Work instructions
Every record must be transcribed in its entirety, apart from the images, which are to be omitted.

▶

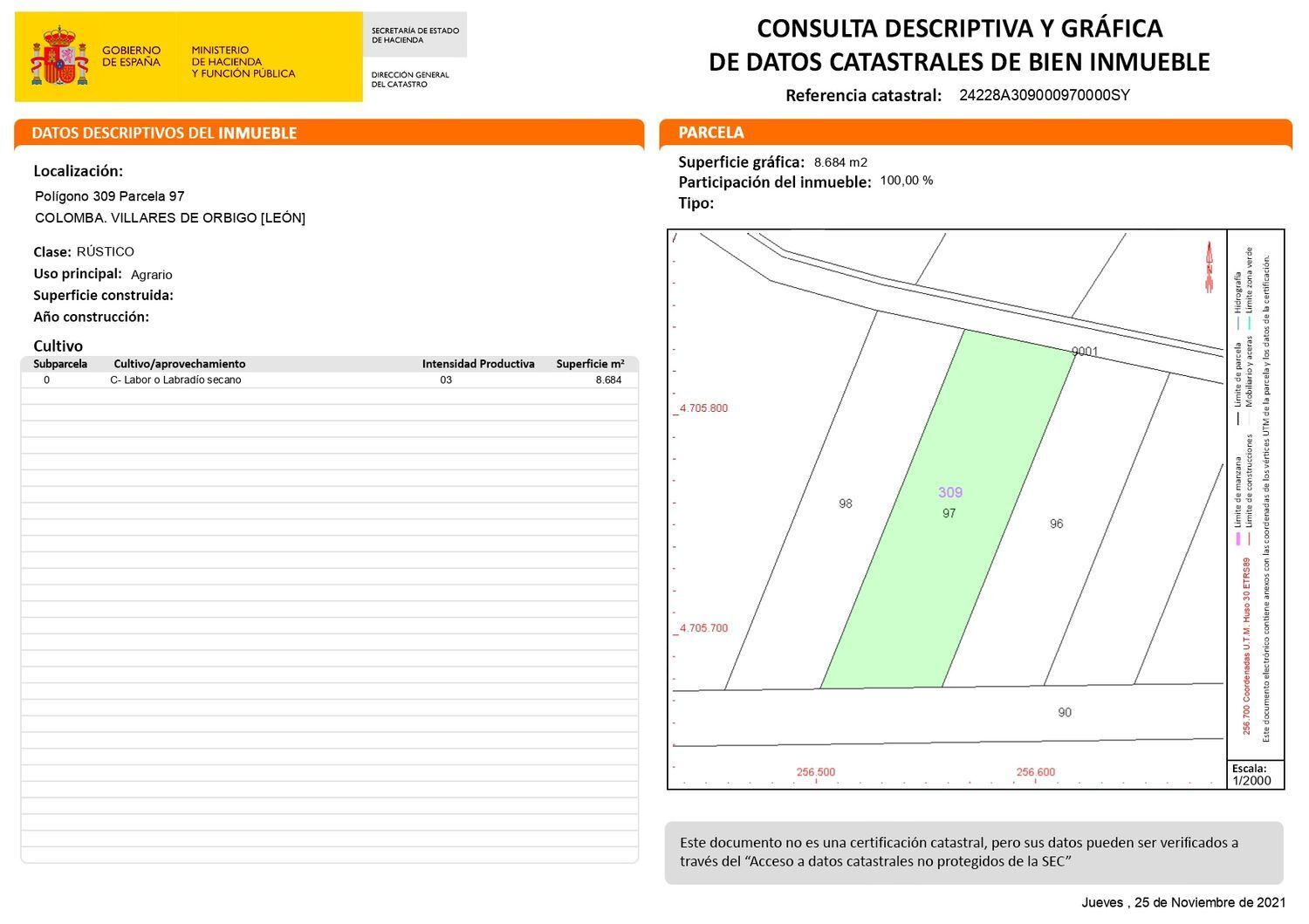 Fincas y solares-Venta-Villares de Ãrbigo-662264-Foto-26
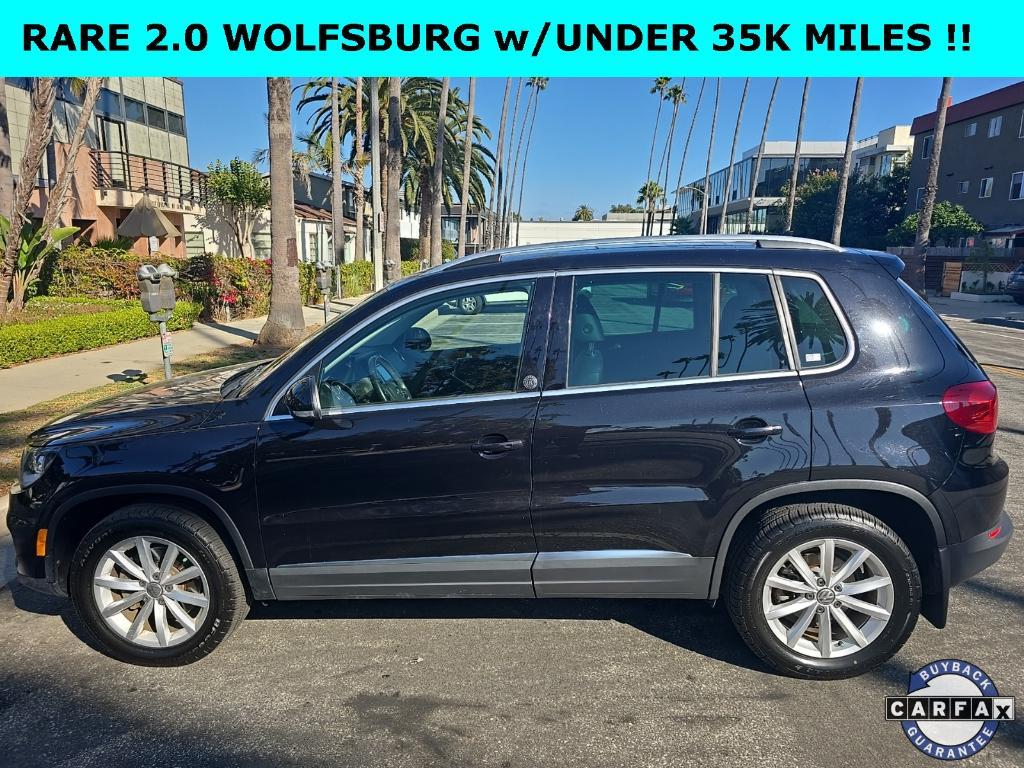 used 2017 Volkswagen Tiguan car, priced at $14,999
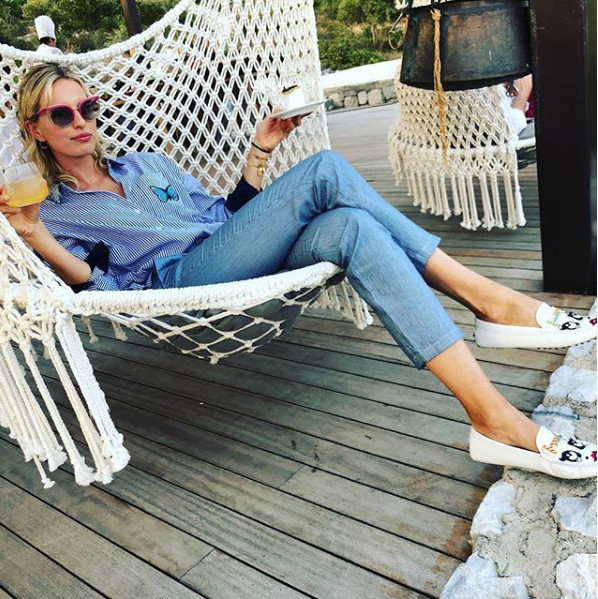 Victoria's Secret meleği Karolina Kurkova Türkiye bağımlısı çıktı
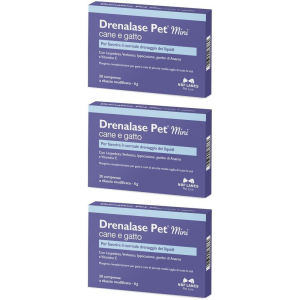 Compra Online drenalase pet mini cane gatto 20 compresse 3x8 g e Trova il miglior prezzo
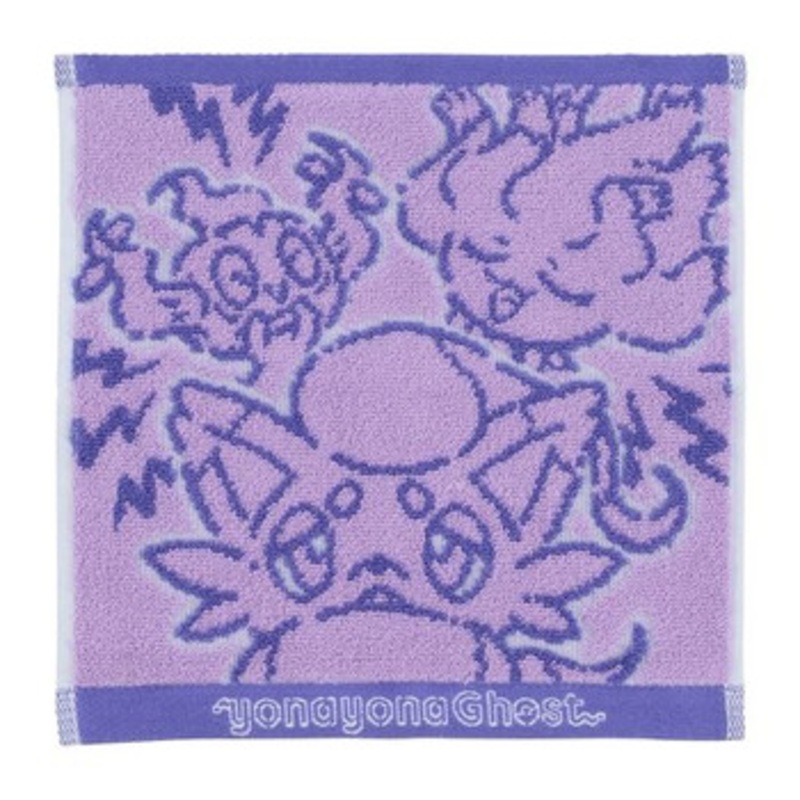 Pokemon Center Original Hand Towel yonayonaGhost Hisuian Zorua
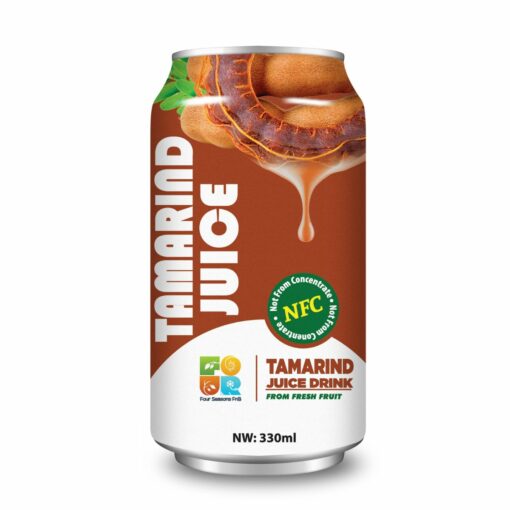 NFC 330ml TCVINA Short Can Tamarind Juice Drink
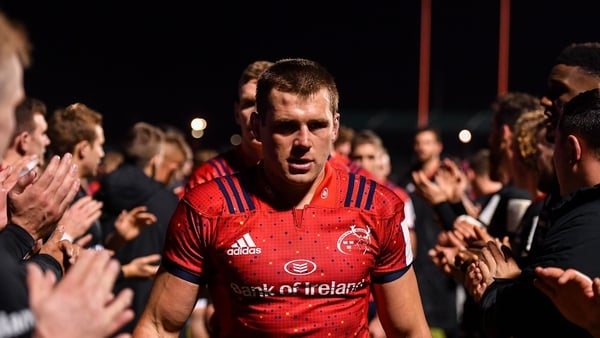 CJ Stander will play his last Pro14 game this weekend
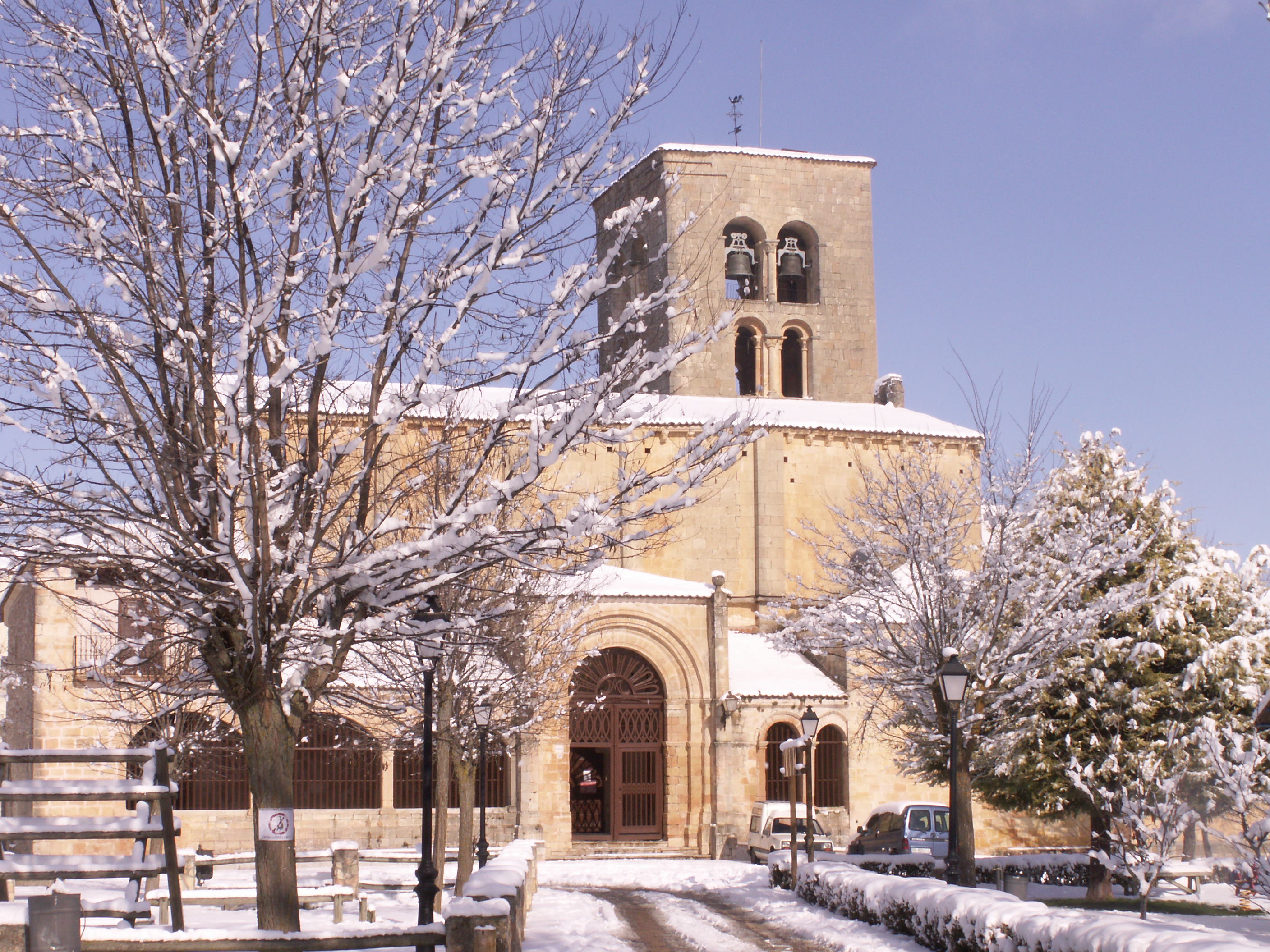 Book a hotel in Sepúlveda.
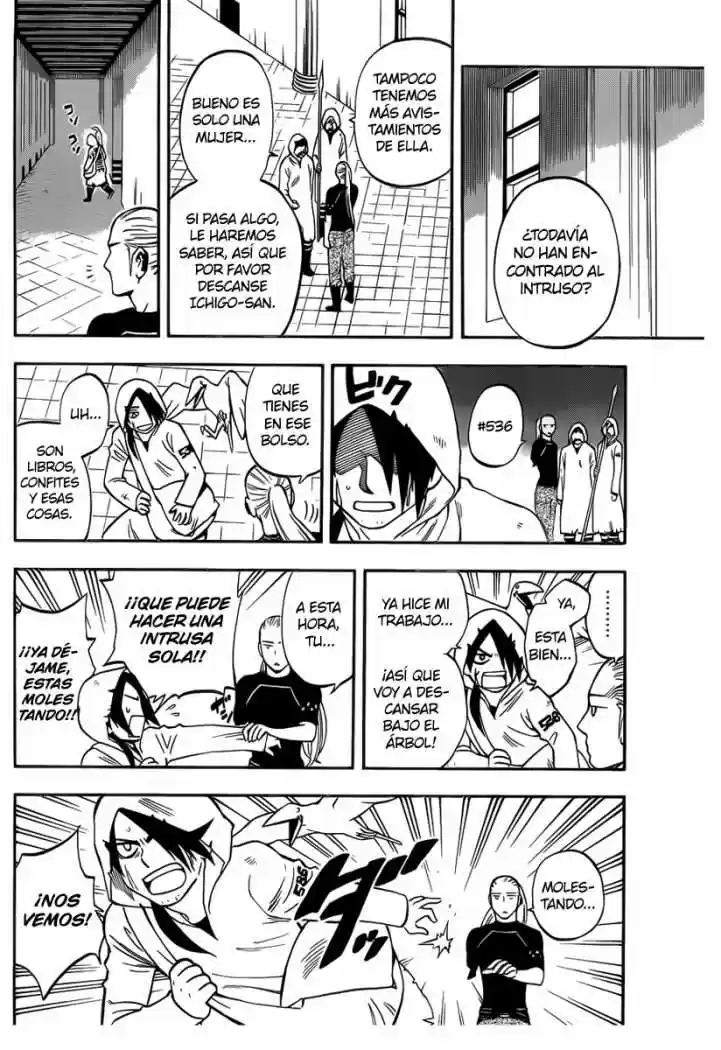 Kekkaishi (Manga) (2004) - Capítulo 327 - Página 12 - LectorTMOo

◀

Exercise solution
 Fincas y solares-Venta-Villares de Ãrbigo-662264-Foto-26
 used 2017 Volkswagen Tiguan car, priced at $14,999
 Victoria's Secret meleği Karolina Kurkova Türkiye bağımlısı çıktı
 Compra Online drenalase pet mini cane gatto 20 compresse 3x8 g e Trova il miglior prezzo
 Pokemon Center Original Hand Towel yonayonaGhost Hisuian Zorua
 NFC 330ml TCVINA Short Can Tamarind Juice Drink
 CJ Stander will play his last Pro14 game this weekend
 Book a hotel in Sepúlveda.
 Kekkaishi (Manga) (2004) - Capítulo 327 - Página 12 - LectorTMOo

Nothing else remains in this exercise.